**Dataset content:**
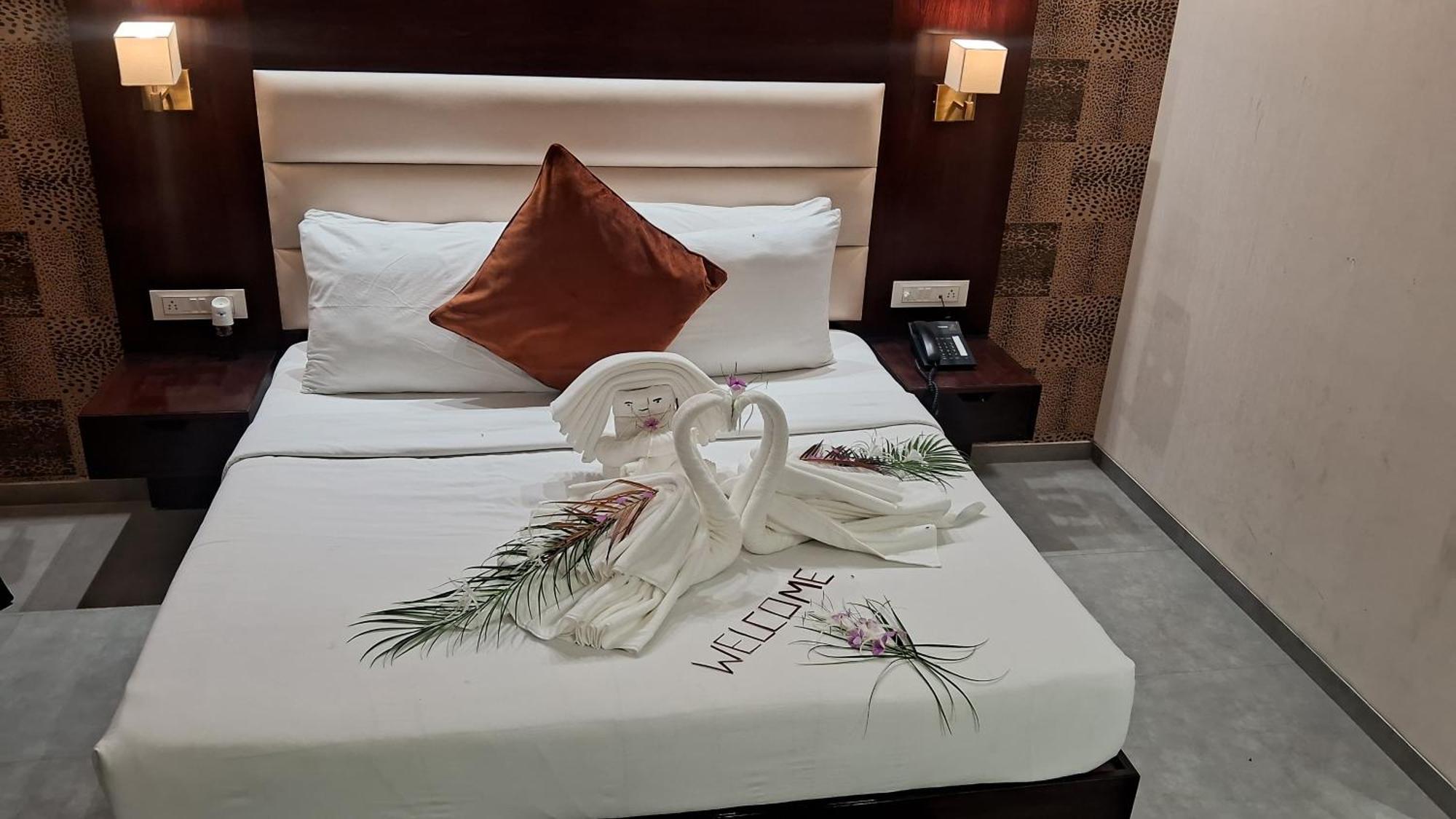 J P Hotel And Wedding Square Pilibhit Buitenkant foto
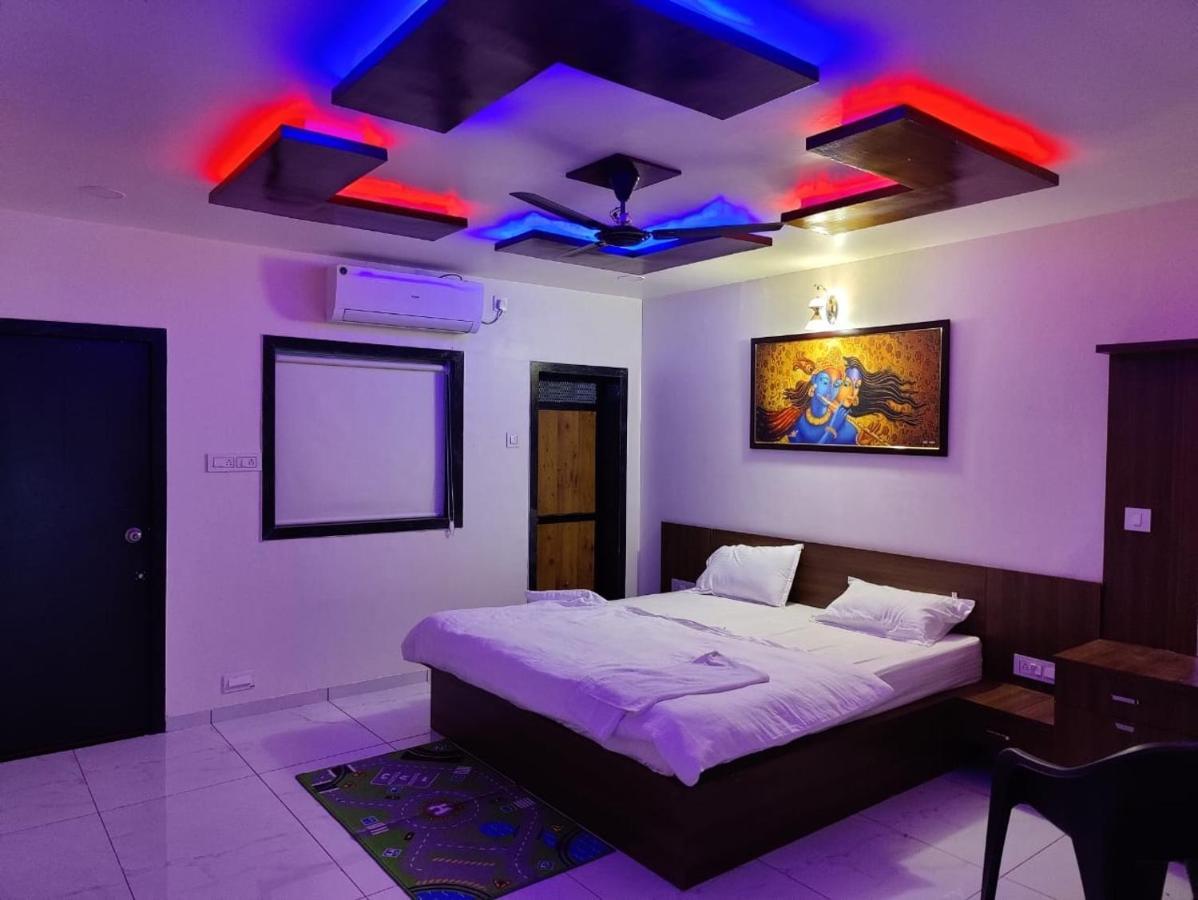 Hotel Sardar Rooms Garudeshwar Екстер'єр фото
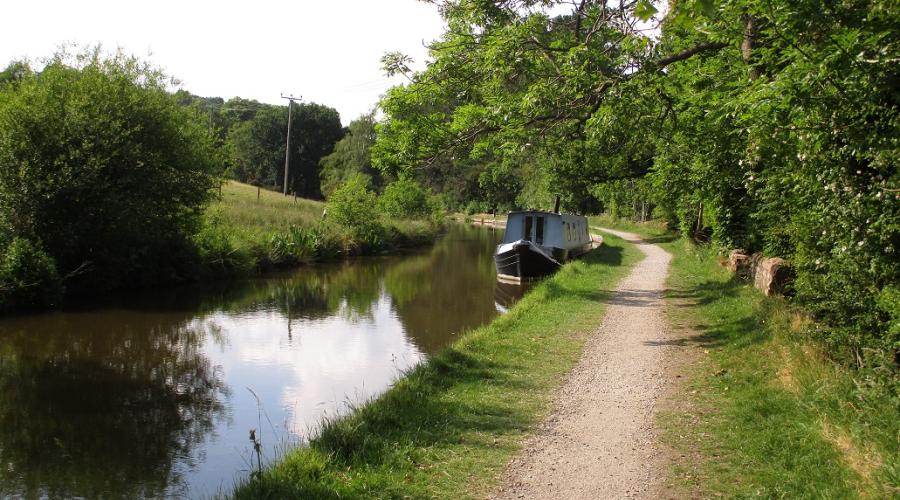 Narrowboat moored up on Peak Forest Canal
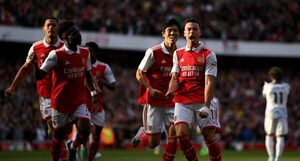 Arsenal recupera el liderato en la Premier al vencer a un Liverpool que sigue en crisis
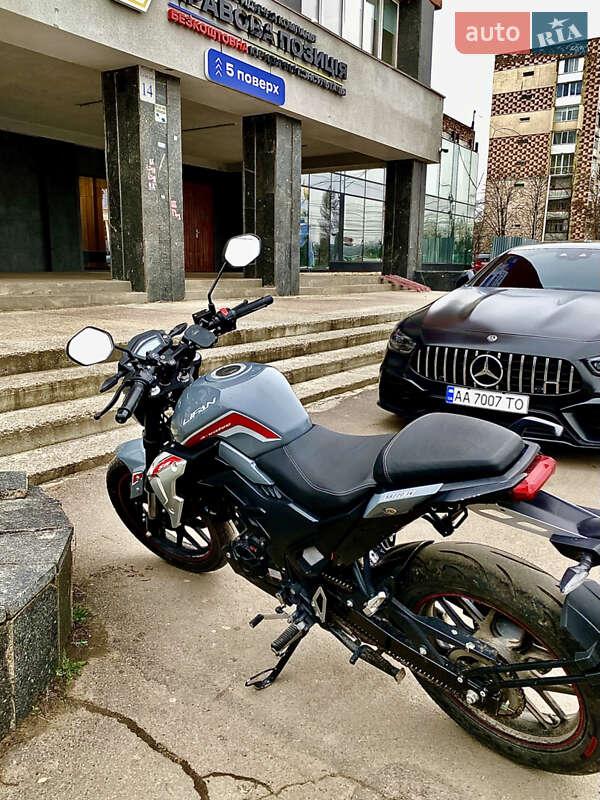 Мотоцикл Без обтекателей (Naked bike) Lifan SR 220 2024 в Виннице фото 4 Мотоцикл Без обтекателей (Naked bike) Lifan SR 220 2024 в Виннице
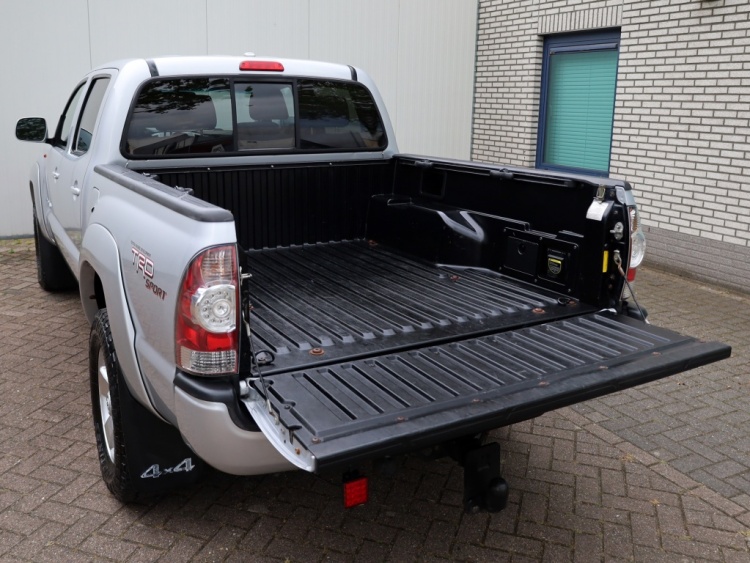 Toyota tacoma 4.0 V6 VVT-i 4WD SR5 Double Cab | Automaat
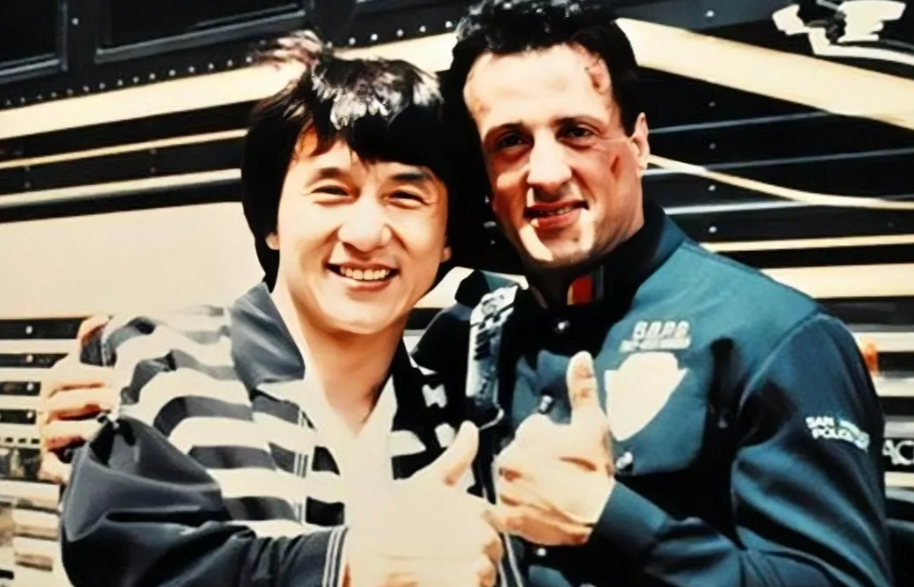 2009年，史泰龙给成龙打电话：“嗨，JackieChan，给你1亿，帮我拍部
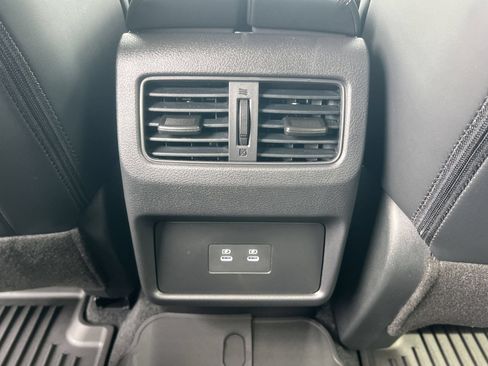 New 2026 Nissan Rogue SV FWD image 18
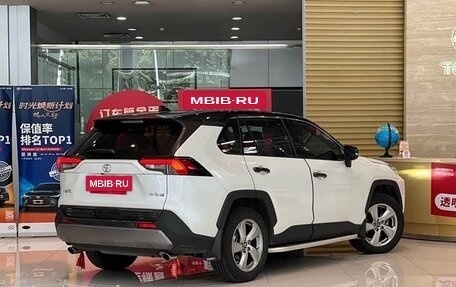 Toyota RAV4, 2022 год, 2 400 000 рублей, 2 фотография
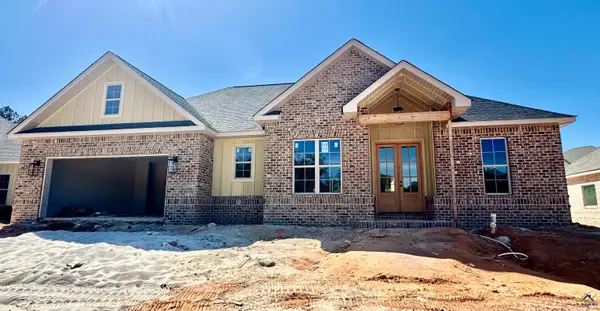 209 Golden Chestnut Bend, Bonaire, GA 31005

**Exercise details:** Restate, exactly as they appear, the line with "New 2026 Nissan Rogue SV FWD image 18" and all the lines after it up to the end of the data above; images do not belong in the copy.

**Exercise response:**
 New 2026 Nissan Rogue SV FWD image 18
 Toyota RAV4, 2022 год, 2 400 000 рублей, 2 фотография
 209 Golden Chestnut Bend, Bonaire, GA 31005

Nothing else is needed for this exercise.